Data for this task Block Start
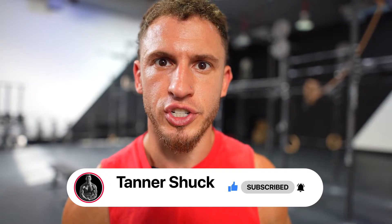Now that we've covered why the 2K row is such a perfect test of fitness, let's cover some important tips and strategies so you can PR your 2K row. But before we go any further, don't forget to smash that like button and subscribe to this channel.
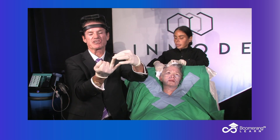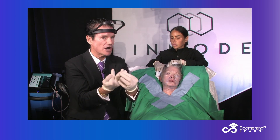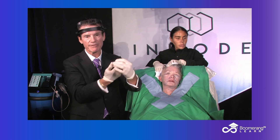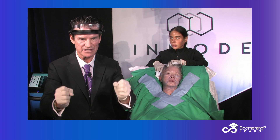Number two, we did injection soft tissue filler. Number three, neuromodulator — uncoupled depressors from elevators. Now number four, section four, the last section: suture suspension, craniofacial fixation.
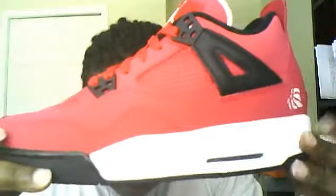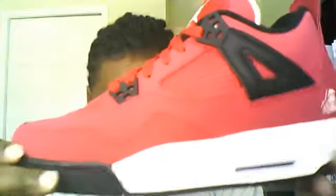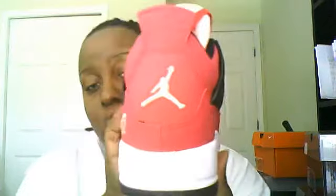It's the Air Jordan 4 Retro GS — Voltage Cherry, White and Black. I did pick these up from Champs. It was their last pair. I didn't even waste my time trying them on — he brought them out and I said let's get them. I didn't want to do a full review because there's a million and one of them on YouTube already. So no point in doing a review; it's just showing that I got the shoe.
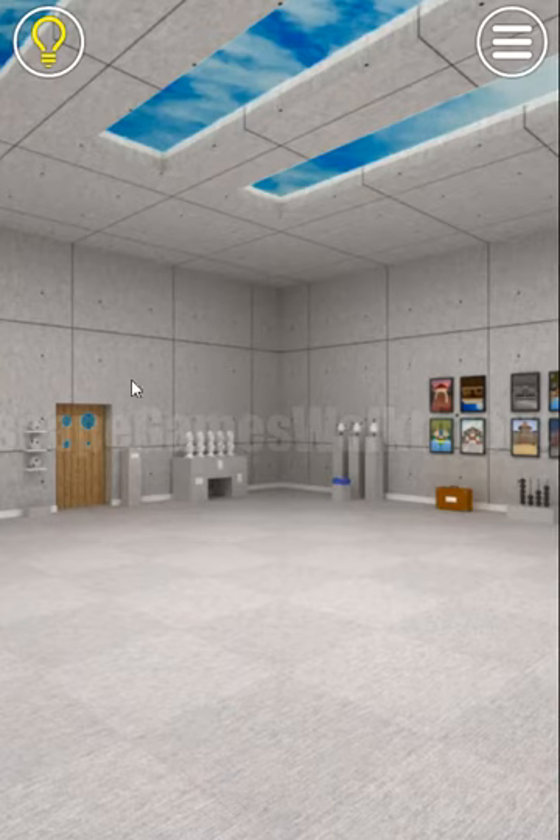We are playing Exits Escape Game by Nakayobi and the stage is called Museum. It contains all three mini stages, so let's begin.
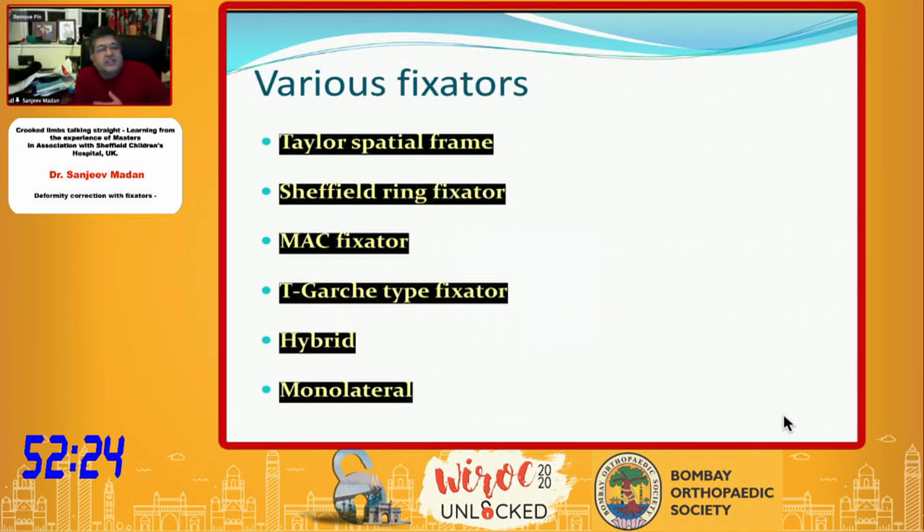Various fixators we have used over time — besides Ilizarov as the backbone — are the Taylor Spatial Frame, Sheffield ring fixators, the MAC fixator which is multi-axial correction in all planes, the Richardson device, the Tegus fixator type, hybrid fixators, and monolateral fixators. In monolateral fixators, the Orthofix fixator has been the greatest invention, because their disc and ball joint blocking with cam effect is one of the most robust.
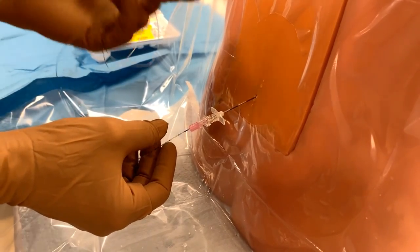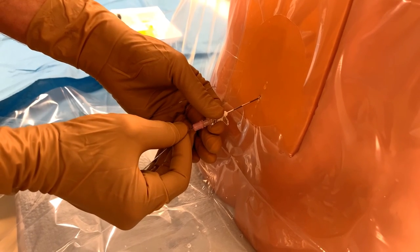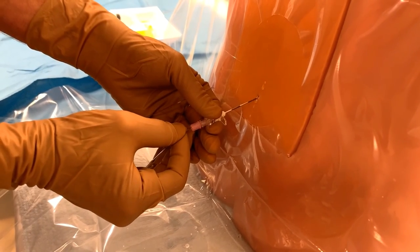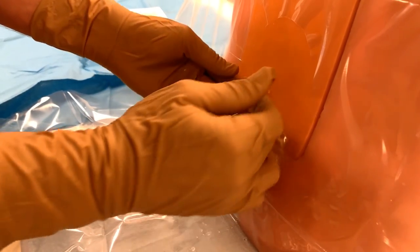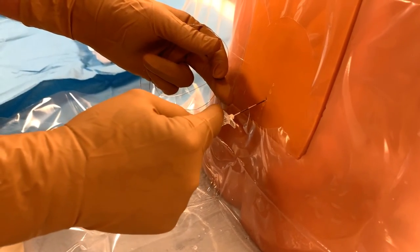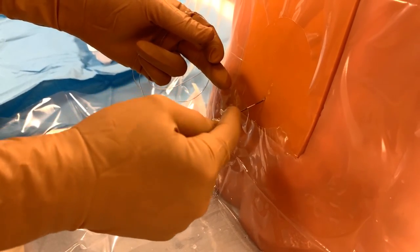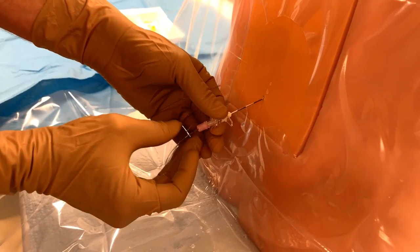Let's begin advancing the catheter. The entire needle is nine centimeters plus the hub, which adds another two approximately, so we're going to advance to about 16 or 17 centimeters.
Data for this task Block End
Task to carry out: Return the full material word for word. Do not include the pictures.

Response to the exercise:
Now that we've covered why the 2K row is such a perfect test of fitness, let's cover some important tips and strategies so you can PR your 2K row. But before we go any further, don't forget to smash that like button and subscribe to this channel.
Number two, we did injection soft tissue filler. Number three, neuromodulator — uncoupled depressors from elevators. Now number four, section four, the last section: suture suspension, craniofacial fixation.
It's the Air Jordan 4 Retro GS — Voltage Cherry, White and Black. I did pick these up from Champs. It was their last pair. I didn't even waste my time trying them on — he brought them out and I said let's get them. I didn't want to do a full review because there's a million and one of them on YouTube already. So no point in doing a review; it's just showing that I got the shoe.
We are playing Exits Escape Game by Nakayobi and the stage is called Museum. It contains all three mini stages, so let's begin.
Various fixators we have used over time — besides Ilizarov as the backbone — are the Taylor Spatial Frame, Sheffield ring fixators, the MAC fixator which is multi-axial correction in all planes, the Richardson device, the Tegus fixator type, hybrid fixators, and monolateral fixators. In monolateral fixators, the Orthofix fixator has been the greatest invention, because their disc and ball joint blocking with cam effect is one of the most robust.
Let's begin advancing the catheter. The entire needle is nine centimeters plus the hub, which adds another two approximately, so we're going to advance to about 16 or 17 centimeters.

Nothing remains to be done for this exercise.